Exercise brief
After locating the line with "Louis Vuitton Z2927U" in the data that follows, return it and every later line exactly, up to and including the line with "Image of MasterClass".

#### Exercise input

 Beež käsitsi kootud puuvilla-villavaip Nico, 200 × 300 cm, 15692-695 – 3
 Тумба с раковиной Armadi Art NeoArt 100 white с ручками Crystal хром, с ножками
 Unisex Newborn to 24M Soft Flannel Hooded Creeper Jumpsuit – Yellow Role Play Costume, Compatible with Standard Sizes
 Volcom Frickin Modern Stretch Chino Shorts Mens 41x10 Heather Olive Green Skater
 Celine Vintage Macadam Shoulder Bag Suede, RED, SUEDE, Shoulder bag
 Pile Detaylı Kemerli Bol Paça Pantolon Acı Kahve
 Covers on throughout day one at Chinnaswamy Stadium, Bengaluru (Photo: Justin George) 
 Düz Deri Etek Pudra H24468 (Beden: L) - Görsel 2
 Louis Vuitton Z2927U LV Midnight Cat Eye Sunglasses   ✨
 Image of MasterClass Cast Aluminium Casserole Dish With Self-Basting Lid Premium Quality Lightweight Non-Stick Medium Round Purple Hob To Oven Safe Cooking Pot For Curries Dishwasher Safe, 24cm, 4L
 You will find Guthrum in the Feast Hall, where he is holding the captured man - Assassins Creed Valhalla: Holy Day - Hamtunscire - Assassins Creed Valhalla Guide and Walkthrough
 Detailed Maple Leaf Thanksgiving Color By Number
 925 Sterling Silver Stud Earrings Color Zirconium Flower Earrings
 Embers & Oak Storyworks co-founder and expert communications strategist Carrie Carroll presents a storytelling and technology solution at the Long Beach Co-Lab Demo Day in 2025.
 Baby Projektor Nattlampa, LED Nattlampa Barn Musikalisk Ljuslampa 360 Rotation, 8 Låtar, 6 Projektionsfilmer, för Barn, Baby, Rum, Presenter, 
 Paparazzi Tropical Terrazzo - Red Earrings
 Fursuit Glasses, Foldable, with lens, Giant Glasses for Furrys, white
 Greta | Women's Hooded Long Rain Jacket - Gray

########

Task response
 Louis Vuitton Z2927U LV Midnight Cat Eye Sunglasses   ✨
 Image of MasterClass Cast Aluminium Casserole Dish With Self-Basting Lid Premium Quality Lightweight Non-Stick Medium Round Purple Hob To Oven Safe Cooking Pot For Curries Dishwasher Safe, 24cm, 4L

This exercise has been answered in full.